I'm running a Zend Framework powered website, it works great, etc.
I've the following option apc.cache-by-default
sets to on
when I check apc.php I can see a lost of file, I'm new to APC, and I'm wondering what kind of surprise could I have with this option.
I assume it is only an opcode cache of the files, then no data is cached and I won't see any difference within my 开发者_StackOverflow社区website (which needs some realtime data).
Am I right?
The next step for me is to use APC to cache some db result, but first I'd like to be sure of what a default APC configuration already does for me.
Thank you
APC's primary, out the box use is to store the code cache. It can also store data, and indeed, it's quite likely the fastest such cache as it is so closely held (in memory, and the code) to the PHP interpreter.

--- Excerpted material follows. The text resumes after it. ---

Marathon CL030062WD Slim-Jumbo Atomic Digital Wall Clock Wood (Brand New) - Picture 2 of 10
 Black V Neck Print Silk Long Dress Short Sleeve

http://uk.php.net/manual/en/function.apc-store.php andthe matching apc_fetch have details of how to use the user/data-caching side of APC.
The only downsides are that it has limited space - no more than 32-64MB space allocations for APC's use are normal, and often as much as you would need. For large items, or more than a couple of hundred smaller variables to cache, then something like Memcached, or caching to disk, would be more useful.
The other downside is that since the cache is in memory, any variables being cached are onto a specific machine - again, something that Memcached can avoid, but at a cost of time (usually time taken over the local network).
In summary, APC is very highly recommended for the code caching (and it has save me literally billions of PHP compilation steps per week), and as a limited, but highly performant 1st-level cache of limited data cache.